Título: Escândalo manteve governo na defensiva por um ano
Autor: Nossa, Leonencio
Fonte: O Estado de São Paulo, 19/08/2007, Nacional, p. A6

Auge foi a confissão do publicitário Duda Mendonça de que PT lhe pagou serviços eleitorais em conta no exterior

Entre junho de 2005, quando as denúncias sobre o mensalão ganharam as manchetes pelas mãos - ou pela voz - do então deputado Roberto Jefferson (PTB-RJ), e maio de 2006, o Congresso viveu dias agitados, alimentado por três comissões parlamentares de inquérito simultâneas: as CPIs dos Correios, do Mensalão e dos Bingos. Uma denúncia puxava outra, o governo não saía da defensiva - e ali se formou o núcleo das denúncias em que o procurador-geral da República, Antônio Fernando de Souza, foi buscar o material para as 40 acusações levadas ao Supremo Tribunal Federal.

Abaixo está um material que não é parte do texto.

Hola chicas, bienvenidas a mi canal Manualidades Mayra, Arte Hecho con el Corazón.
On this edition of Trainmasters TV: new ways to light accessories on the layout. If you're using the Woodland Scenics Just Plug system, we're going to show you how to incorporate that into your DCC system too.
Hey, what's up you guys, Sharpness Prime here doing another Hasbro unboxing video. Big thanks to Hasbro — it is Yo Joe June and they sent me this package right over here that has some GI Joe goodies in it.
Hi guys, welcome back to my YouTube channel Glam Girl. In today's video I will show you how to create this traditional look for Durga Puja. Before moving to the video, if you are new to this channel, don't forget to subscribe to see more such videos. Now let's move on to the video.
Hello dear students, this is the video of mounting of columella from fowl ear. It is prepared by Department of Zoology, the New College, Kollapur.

Foi uma sucessão de denúncias, heróis e vilões e uma briga pelos holofotes como poucas vezes se viu. No auge, o show na TV começava às 10 da manhã e entrava pela madrugada. Entre desabafos, lágrimas e confissões, muita gente achou que, daquela vez, a corrupção levaria um golpe fatal.

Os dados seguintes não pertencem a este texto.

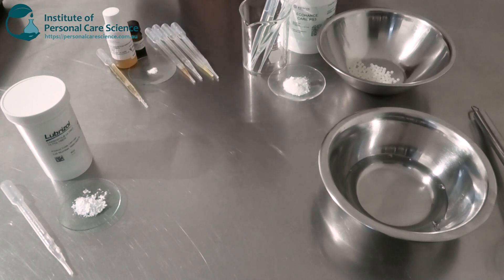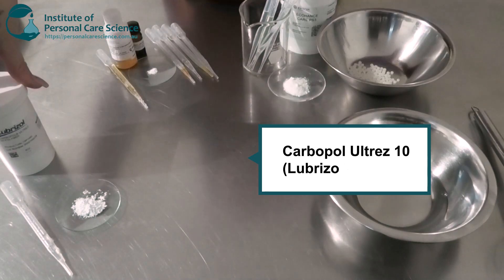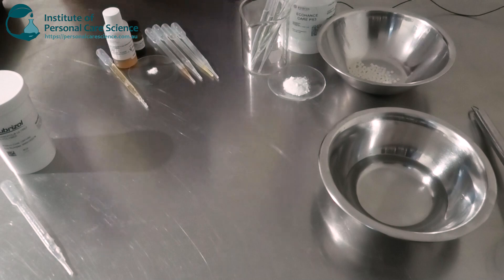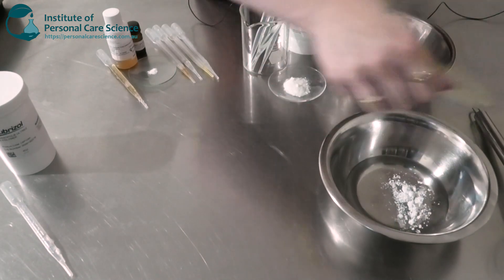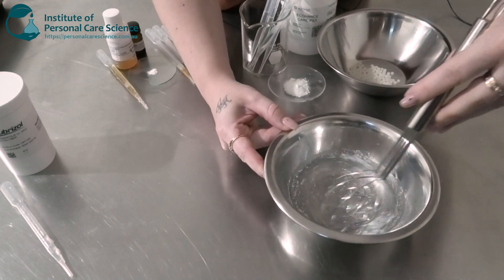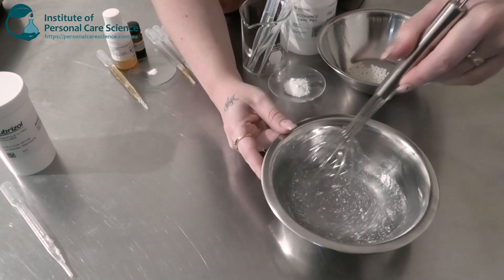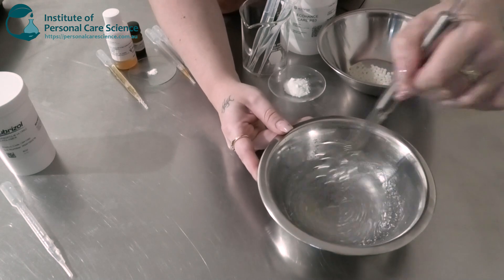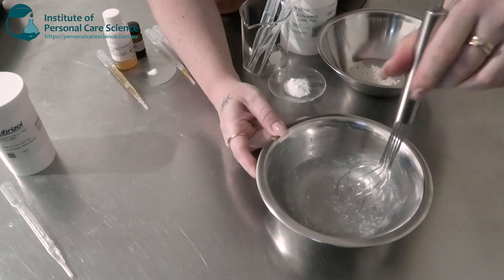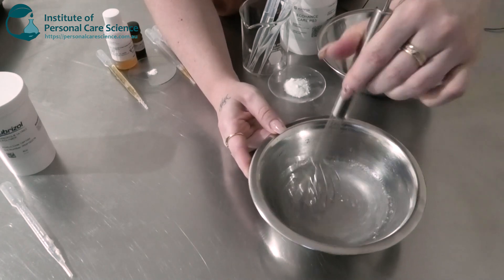To start building the structure of my cream, I'm going to be using some Carbopol Ultrez 10 by Lubrizol. This is a grade of Carbomer. Now this will take some time to dissolve — it's not going to dissolve straight away. What we want to do is just wet the polymer, make sure it's nice and wet and dispersed, and we just continue to stir until it dissolves. You can use an overhead mixer here, something that's low shear, and do continuous mixing until it's fully dissolved.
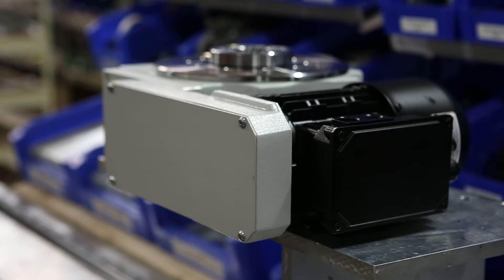Hi, Dominic here from Weiss North America, and today we're going to be talking about changing the orientation of a drive housing on a Weiss TC indexer.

A CPI dos Correios foi a mais consistente das três. Comandada pelo senador Delcídio Amaral (PT-MS) e pelo relator, o deputado Osmar Serraglio (PMDB-PR), começou investigando um pequeno episódio de suborno nos Correios e espraiou-se por todo um esquema de cooptação de partidos e de parlamentares pelo Planalto. Teve momentos gloriosos com o depoimento do empresário Marcos Valério, tido como intermediário das propinas, e o não-depoimento do tesoureiro petista Delúbio Soares. O termômetro subiu, no Planalto, com a confissão do publicitário Duda Mendonça de que o PT lhe pagou serviços eleitorais em moeda estrangeira, num banco estrangeiro. Por dois ou três dias Lula roubou a cena, com uma entrevista em Paris na qual admitiu que o que o PT fazia (comprar o voto de parlamentares) todo partido fazia.

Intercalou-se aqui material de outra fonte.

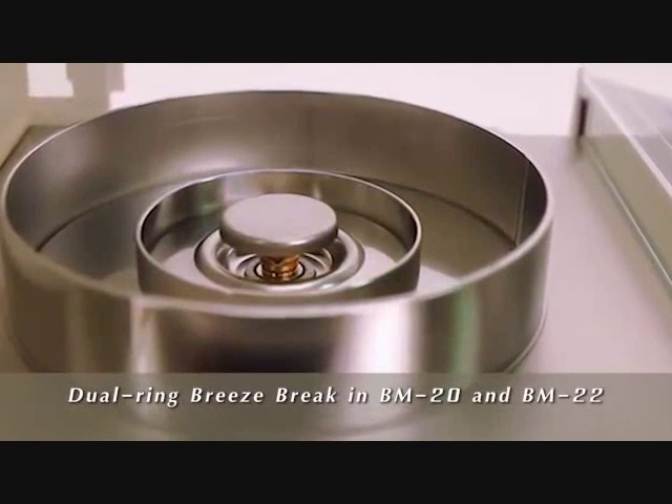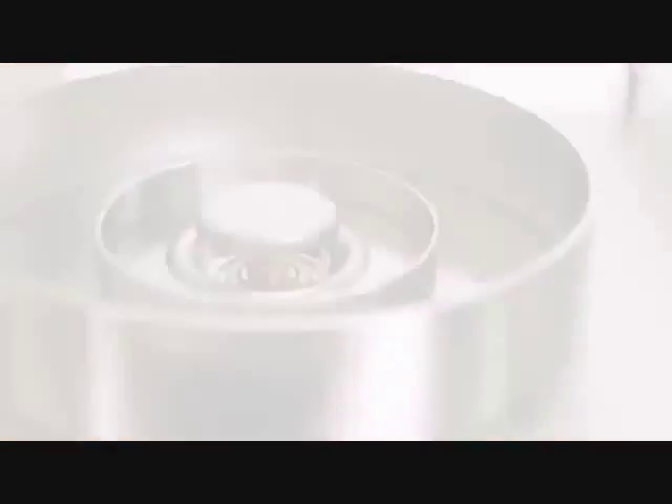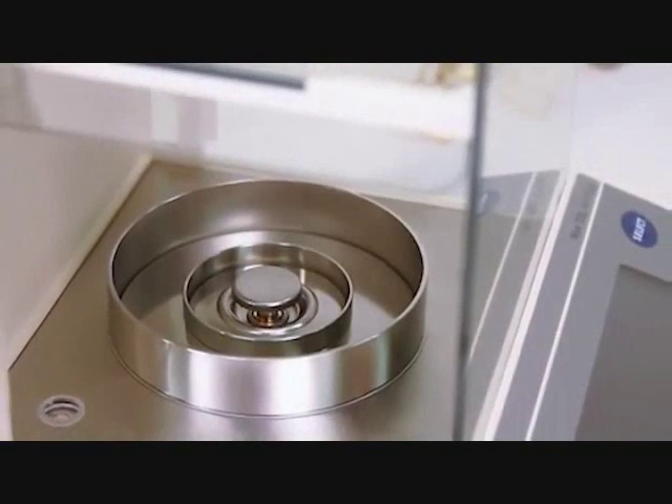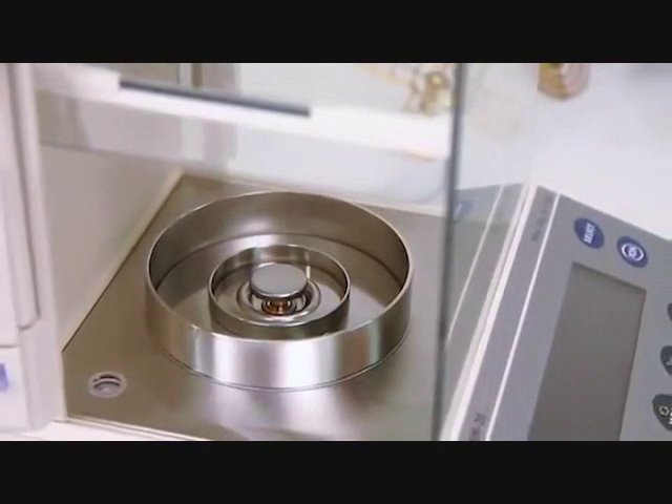The innovative dual-ring breeze break reduces drafts in the BM20 and BM22 microbalances. This feature makes a secondary inner chamber unnecessary to achieve microgram readability.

Roberto Jefferson, José Dirceu, Heloísa Helena, ACM Neto, Gustavo Fruet, Agripino Maia e uma penca de outros oradores, bons e maus, sucederam-se no jogo de gato-e-rato entre governo e oposição. A 5 de abril de 2006 o relator Serraglio entregou o texto final, pedindo o indiciamento dos figurões José Dirceu e Luiz Gushiken, além de outras 100 pessoas. A investigação de Serraglio foi a fonte principal da peça levada ao STF pelo procurador-geral.

Nascida pelas mãos do governo, para enfraquecer a CPI dos Correios, a do Mensalão não encorpou. Deveria investigar apenas se o esquema do mensalão realmente existia e como funcionava. Enveredou por denúncias contra o governo Fernando Henrique - em especial a de compra de votos para aprovar sua reeleição, em 1997. Numa manobra do governo, a CPI morreu, em novembro de 2005, quando um pedido para prorrogá-la foi rejeitado: teve 23 votos a menos que o necessário. Seu presidente, o senador Amir Lando (PMDB-RO), teve de encerrar os trabalhos, sem relatório final.

Entre as duas CPIs a terceira, CPI dos Bingos, correu em paralelo. Sua fonte foi outra denúncia grave, a que envolvia Waldomiro Diniz, auxiliar do então ministro-chefe da Casa Civil, José Dirceu. Ele teria negociações ilegais com empresários de bingo, entre as quais o pagamento de propinas para aprovar contratos entre a Caixa Econômica Federal e operadoras de bingo e jogos de vídeo. Seu início já prenunciava o futuro: formada a comissão, começaram as férias e ela só retomou ritmo dois meses depois. Dominada pela oposição, passeou pelos episódios da morte do prefeito Celso Daniel em Santo André (SP), de acusações a Antonio Palocci em Ribeirão Preto e convocou até auxiliares diretos de Lula, como Gilberto Carvalho e Paulo Okamotto. Encerrada, foi arquivada e esquecida.